## [Data provided]
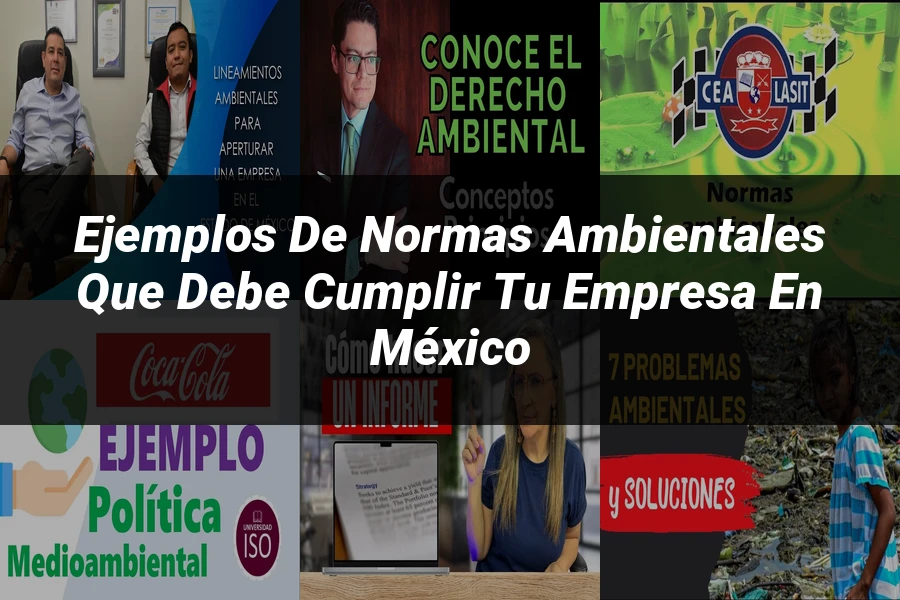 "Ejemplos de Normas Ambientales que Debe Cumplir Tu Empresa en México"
* * *
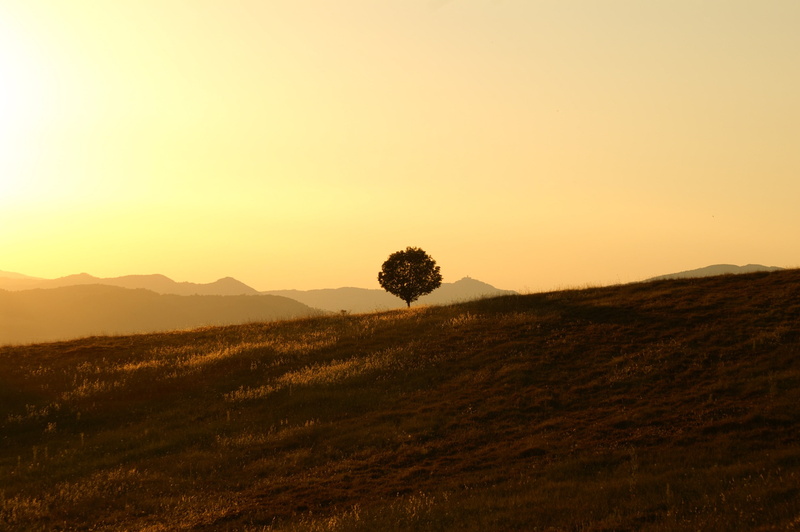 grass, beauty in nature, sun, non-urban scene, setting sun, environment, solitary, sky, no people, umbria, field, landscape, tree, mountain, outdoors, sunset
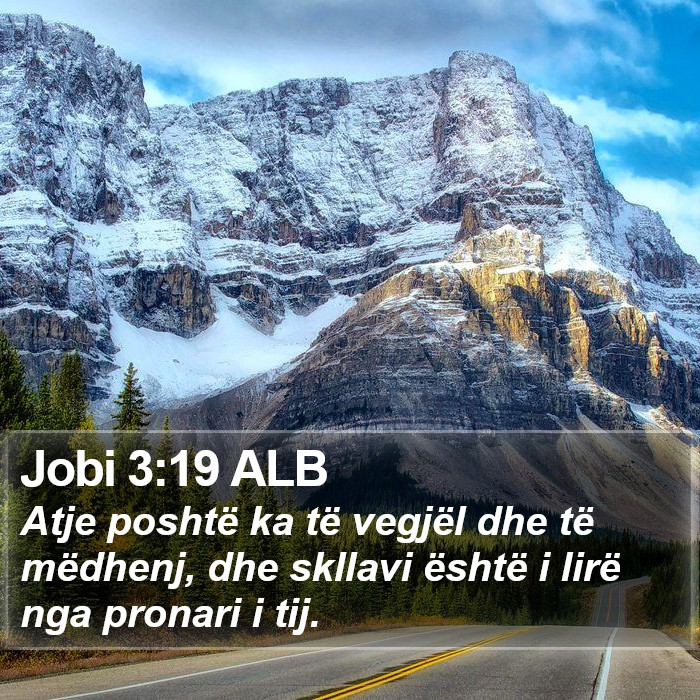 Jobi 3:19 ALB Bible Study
---
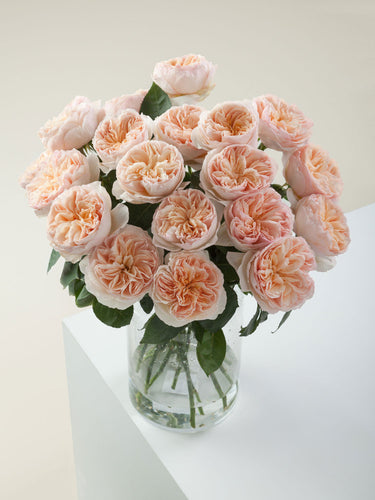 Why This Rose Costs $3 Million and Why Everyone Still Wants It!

## [Your goal]
Among the lines above, the one with "grass, beauty in" opens the part to repeat and the one with "Jobi 3:19 ALB Bible Study" closes it; repeat only that part exactly, with no pictures.

## [Result]
 grass, beauty in nature, sun, non-urban scene, setting sun, environment, solitary, sky, no people, umbria, field, landscape, tree, mountain, outdoors, sunset
 Jobi 3:19 ALB Bible Study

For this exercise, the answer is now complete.